(Caption-style text data)
-------------------------
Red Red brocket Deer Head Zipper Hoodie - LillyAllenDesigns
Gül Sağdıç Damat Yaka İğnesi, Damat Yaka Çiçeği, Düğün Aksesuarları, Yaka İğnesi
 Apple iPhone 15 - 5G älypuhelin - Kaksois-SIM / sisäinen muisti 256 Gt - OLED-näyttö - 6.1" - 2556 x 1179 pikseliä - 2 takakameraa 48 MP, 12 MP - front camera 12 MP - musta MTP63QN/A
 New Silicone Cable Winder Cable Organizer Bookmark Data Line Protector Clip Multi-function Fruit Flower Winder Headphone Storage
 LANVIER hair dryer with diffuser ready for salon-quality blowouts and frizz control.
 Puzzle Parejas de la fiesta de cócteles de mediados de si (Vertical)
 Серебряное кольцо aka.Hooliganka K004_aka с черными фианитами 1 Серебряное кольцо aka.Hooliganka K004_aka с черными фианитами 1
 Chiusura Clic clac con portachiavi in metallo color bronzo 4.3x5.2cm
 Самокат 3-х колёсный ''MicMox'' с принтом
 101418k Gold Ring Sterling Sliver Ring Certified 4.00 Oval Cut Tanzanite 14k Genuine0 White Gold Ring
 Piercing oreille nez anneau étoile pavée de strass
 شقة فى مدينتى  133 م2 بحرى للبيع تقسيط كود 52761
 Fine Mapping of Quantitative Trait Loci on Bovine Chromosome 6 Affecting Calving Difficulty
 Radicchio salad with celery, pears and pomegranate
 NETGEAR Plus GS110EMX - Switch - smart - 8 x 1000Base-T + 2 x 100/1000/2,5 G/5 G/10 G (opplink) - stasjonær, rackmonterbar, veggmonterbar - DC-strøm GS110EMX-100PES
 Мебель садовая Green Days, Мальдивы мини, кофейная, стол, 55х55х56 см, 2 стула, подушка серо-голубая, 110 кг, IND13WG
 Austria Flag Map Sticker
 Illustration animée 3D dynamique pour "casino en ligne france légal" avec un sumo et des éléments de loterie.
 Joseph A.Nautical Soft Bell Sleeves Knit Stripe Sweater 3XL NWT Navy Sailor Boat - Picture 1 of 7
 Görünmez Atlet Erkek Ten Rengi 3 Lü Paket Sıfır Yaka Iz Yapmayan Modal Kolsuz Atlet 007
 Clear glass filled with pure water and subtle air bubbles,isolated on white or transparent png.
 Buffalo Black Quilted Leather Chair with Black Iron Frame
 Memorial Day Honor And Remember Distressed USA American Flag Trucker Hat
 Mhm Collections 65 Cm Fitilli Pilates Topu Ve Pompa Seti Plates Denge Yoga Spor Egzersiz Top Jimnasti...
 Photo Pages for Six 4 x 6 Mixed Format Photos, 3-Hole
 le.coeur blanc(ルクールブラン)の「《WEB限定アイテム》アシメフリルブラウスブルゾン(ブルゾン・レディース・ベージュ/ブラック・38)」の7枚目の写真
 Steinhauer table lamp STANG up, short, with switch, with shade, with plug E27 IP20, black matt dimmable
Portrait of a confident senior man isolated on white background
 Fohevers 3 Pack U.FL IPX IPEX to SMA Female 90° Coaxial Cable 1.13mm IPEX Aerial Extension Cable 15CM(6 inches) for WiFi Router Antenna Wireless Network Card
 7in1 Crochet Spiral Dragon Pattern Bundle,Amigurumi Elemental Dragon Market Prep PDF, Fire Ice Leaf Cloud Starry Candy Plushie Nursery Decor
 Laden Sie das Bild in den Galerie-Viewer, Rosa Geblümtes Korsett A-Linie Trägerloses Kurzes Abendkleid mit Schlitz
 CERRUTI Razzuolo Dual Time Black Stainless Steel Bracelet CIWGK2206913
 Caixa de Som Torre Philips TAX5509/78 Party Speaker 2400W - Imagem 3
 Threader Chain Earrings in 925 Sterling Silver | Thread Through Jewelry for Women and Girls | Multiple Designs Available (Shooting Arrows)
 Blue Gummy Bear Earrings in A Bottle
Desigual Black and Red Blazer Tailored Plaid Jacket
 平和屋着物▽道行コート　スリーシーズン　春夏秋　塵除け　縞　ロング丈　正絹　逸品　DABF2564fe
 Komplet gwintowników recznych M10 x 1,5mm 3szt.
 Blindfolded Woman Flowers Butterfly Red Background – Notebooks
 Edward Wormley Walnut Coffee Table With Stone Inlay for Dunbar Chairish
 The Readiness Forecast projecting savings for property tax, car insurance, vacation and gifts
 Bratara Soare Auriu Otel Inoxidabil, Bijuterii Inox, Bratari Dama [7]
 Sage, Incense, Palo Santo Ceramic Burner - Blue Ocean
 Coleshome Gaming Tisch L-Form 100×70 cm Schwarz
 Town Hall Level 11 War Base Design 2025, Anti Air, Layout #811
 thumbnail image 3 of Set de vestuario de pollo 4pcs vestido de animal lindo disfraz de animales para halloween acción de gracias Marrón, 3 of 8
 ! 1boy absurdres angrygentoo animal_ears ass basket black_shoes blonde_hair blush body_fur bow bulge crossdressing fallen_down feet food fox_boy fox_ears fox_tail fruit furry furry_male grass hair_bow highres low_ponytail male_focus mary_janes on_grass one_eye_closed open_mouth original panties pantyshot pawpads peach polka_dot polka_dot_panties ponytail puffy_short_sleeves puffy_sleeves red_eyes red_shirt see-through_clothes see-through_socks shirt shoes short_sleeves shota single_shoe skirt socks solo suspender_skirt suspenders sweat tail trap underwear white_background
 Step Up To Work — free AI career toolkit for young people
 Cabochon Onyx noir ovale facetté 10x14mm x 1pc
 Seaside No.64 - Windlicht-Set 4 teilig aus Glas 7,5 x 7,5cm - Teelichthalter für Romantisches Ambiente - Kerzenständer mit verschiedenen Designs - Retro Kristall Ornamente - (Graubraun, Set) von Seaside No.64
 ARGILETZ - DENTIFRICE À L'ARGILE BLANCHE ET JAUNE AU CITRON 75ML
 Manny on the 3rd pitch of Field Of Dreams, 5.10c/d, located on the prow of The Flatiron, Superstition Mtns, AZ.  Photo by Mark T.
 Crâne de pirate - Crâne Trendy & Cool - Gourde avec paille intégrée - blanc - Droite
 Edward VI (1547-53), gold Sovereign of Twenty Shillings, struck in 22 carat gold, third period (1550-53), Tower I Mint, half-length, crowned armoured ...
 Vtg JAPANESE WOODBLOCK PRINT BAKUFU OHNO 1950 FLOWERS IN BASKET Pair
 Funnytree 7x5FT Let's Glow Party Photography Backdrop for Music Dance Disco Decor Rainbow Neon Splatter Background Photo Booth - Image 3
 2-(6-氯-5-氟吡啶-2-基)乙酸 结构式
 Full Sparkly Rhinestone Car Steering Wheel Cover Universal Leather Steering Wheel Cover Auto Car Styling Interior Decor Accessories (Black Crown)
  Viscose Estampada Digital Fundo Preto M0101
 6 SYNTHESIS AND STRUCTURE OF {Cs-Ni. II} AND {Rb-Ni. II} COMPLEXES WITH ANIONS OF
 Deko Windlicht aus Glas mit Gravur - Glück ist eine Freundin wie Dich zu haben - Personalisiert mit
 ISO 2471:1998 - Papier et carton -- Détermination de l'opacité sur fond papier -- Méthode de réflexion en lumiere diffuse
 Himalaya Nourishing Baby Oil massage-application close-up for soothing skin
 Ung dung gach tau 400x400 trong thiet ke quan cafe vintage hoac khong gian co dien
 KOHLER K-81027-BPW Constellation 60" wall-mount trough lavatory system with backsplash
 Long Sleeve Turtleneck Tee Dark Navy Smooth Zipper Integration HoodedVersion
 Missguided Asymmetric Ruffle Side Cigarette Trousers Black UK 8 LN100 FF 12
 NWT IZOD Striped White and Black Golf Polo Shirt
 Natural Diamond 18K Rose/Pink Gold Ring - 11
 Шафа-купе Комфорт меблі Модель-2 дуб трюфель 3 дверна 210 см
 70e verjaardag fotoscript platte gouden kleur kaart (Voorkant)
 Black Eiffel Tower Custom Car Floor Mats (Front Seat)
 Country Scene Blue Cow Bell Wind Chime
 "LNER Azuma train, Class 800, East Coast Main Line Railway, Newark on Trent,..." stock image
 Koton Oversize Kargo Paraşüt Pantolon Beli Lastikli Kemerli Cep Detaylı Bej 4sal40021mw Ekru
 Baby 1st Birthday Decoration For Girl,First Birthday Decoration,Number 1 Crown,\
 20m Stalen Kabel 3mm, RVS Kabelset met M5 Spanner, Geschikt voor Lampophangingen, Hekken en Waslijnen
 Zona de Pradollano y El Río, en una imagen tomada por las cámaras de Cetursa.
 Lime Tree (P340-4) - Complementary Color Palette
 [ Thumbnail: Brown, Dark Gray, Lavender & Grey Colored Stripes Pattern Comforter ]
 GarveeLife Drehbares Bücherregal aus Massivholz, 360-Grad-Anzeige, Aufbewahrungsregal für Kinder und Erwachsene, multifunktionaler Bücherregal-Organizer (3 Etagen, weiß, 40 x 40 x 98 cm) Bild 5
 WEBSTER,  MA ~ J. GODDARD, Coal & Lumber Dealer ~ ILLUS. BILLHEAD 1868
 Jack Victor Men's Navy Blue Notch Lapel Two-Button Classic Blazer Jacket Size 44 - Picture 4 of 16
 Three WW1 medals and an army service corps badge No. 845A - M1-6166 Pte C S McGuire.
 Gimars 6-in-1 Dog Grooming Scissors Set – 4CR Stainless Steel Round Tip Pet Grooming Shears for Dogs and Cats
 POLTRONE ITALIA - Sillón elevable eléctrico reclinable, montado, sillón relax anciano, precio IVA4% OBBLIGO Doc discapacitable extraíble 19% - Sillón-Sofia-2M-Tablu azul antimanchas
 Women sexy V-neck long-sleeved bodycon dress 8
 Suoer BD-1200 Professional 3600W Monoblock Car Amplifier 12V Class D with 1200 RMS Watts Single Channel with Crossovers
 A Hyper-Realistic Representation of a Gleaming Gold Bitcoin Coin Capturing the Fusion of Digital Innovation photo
-------------------------
:: What you have to do ::
In the entries above, find the line with "Black Eiffel Tower" and the line with "Azuma train, Class", then set down exactly those two and every line between them, nothing else.

:: Reply ::
 Black Eiffel Tower Custom Car Floor Mats (Front Seat)
 Country Scene Blue Cow Bell Wind Chime
 "LNER Azuma train, Class 800, East Coast Main Line Railway, Newark on Trent,..." stock image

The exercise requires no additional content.